Jombang, TelusuR.ID – Dewan Perwakilan Rakyat Daerah (DPRD) Kabupaten Jombang menindaklanjuti keluhan warga sekitar Pabrik Gula (PG) Djombang Baru terkait pencemaran debu dan limbah.

Komisi C DPRD Jombang melakukan inspeksi mendadak (sidak) ke lokasi pabrik pada Kamis (18/9/2025) pukul 09.00 WIB.

Sidak dipimpin langsung oleh anggota Komisi C, di antaranya Saifullah, Mas’ud Zuremi, Maya Novita Sari, Samsul Huda, Taufiqi Fakkarudin Assilahi, Subur, Achmad Fachruddin Novadonna Bilytha Puspythasari.

Kemudian juga, Dian Ayunita Prasstumi, dan Heri Santoso.

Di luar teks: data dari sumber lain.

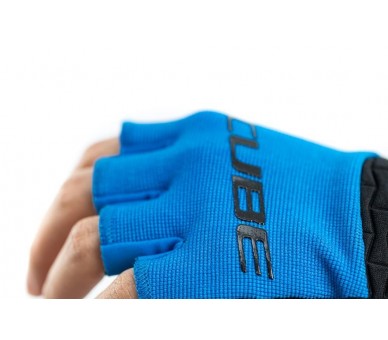 CUBE Handschuhe Performance Junior kurzfinger blue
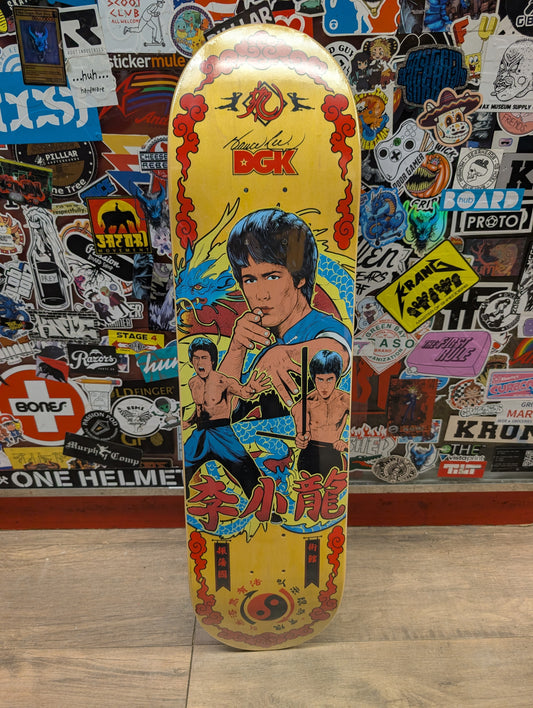 DGK x Bruce Lee - Fury deck 8.1"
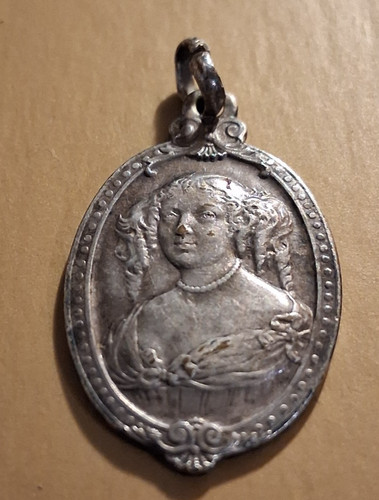 Medaille ste alsacienne salpa - medaille,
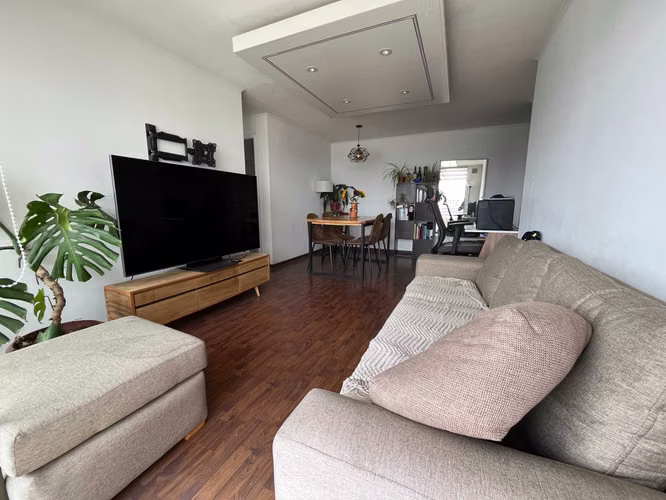 Amplio departamento 2D+2B+1E San Miguel (155832)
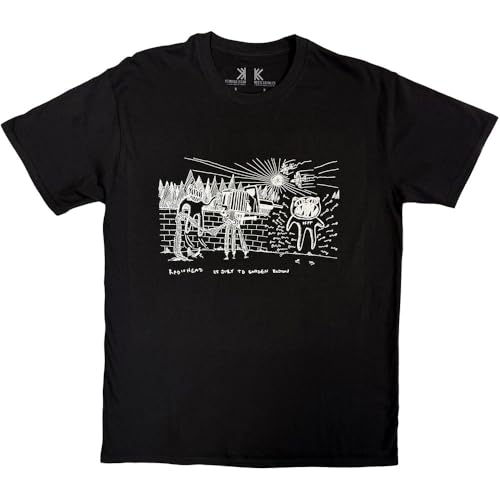 T-shirt Radiohead Despot de Rock Off en coton biologique premium et durable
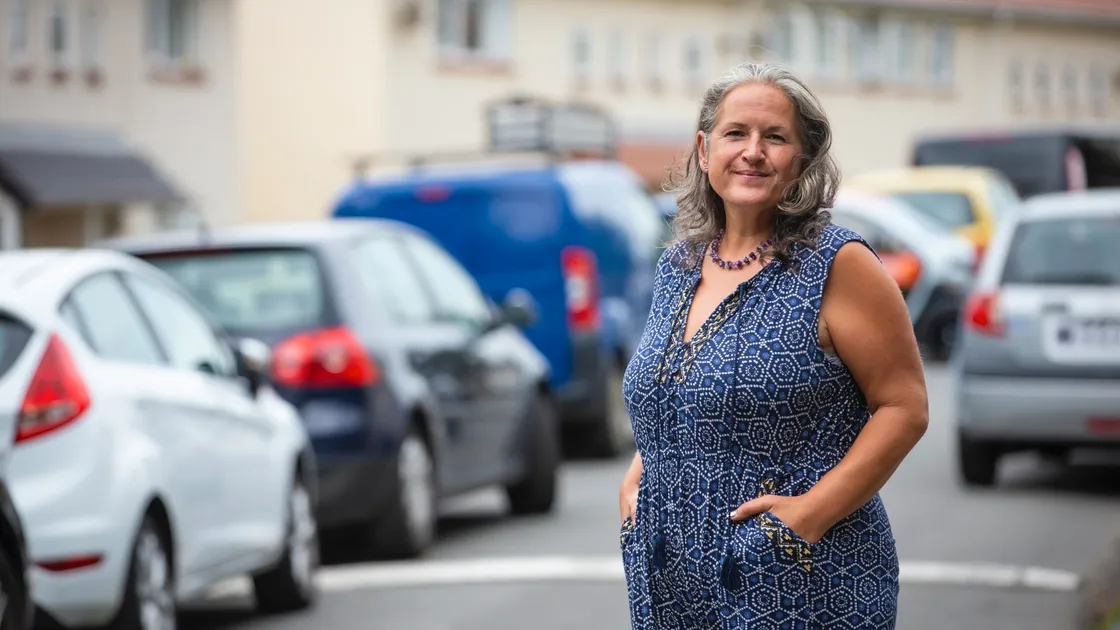 St Peter Port senior constable Zoe Lihou. (Picture by Peter Frankland, 33136001)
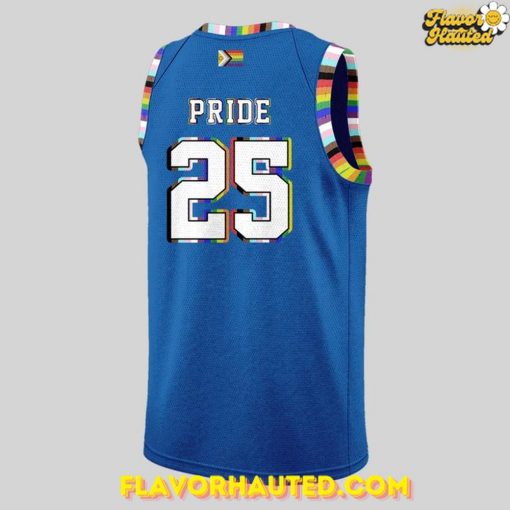 Pride 25 OKC Thunder Special Edition Basketball Jersey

Mereka didampingi Kepala Dinas Lingkungan Hidup (DLH) Jombang, Miftahul Ulum.

Dari hasil peninjauan, DPRD menemukan adanya kebocoran cerobong asap yang menyebabkan debu sisa pembakaran mencemari pemukiman warga.

“Keluhan masyarakat benar adanya. Debu hitam dari cerobong menempel di rumah warga, bahkan mengenai pakaian yang sedang dijemur. Hal ini sudah lama menjadi keresahan,” ujar Mas’ud Zuremi usai sidak.

Anggota Komisi C lainnya, Saifullah, menyampaikan bahwa pihak pabrik telah mengakui permasalahan tersebut dan menyampaikan permintaan maaf.

“Pihak PG mengakui ada kebocoran. Mereka berkomitmen memasang filter baru, melakukan penyiraman debu, serta membuka komunikasi dengan warga sekitar. CSR untuk masyarakat juga dijanjikan,” katanya.

Selain itu, sidak DPRD juga menemukan bahwa dari tiga unit boiler yang dimiliki PG Djombang Baru, hanya satu yang berfungsi normal. Kondisi ini memperburuk penanganan limbah udara.

DPRD mendesak perbaikan menyeluruh, termasuk sistem pengolahan limbah cair yang dialirkan ke sungai.

General Manager PG Djombang Baru, Adisolech Wicaksono, menyatakan pihaknya telah memulai perbaikan sejak 2024. “Dibandingkan tahun lalu, kadar partikel yang terlepas sudah menurun. Tahun 2026 nanti, kami targetkan sistem penanganan limbah bisa lebih sempurna,” ungkapnya.

Ia menambahkan, dua dari tiga boiler akan segera dipasangi alat pengendali polusi tambahan. “Kami siap menindaklanjuti permintaan DPRD dan DLH agar lingkungan sekitar pabrik tidak lagi terdampak,” pungkasnya.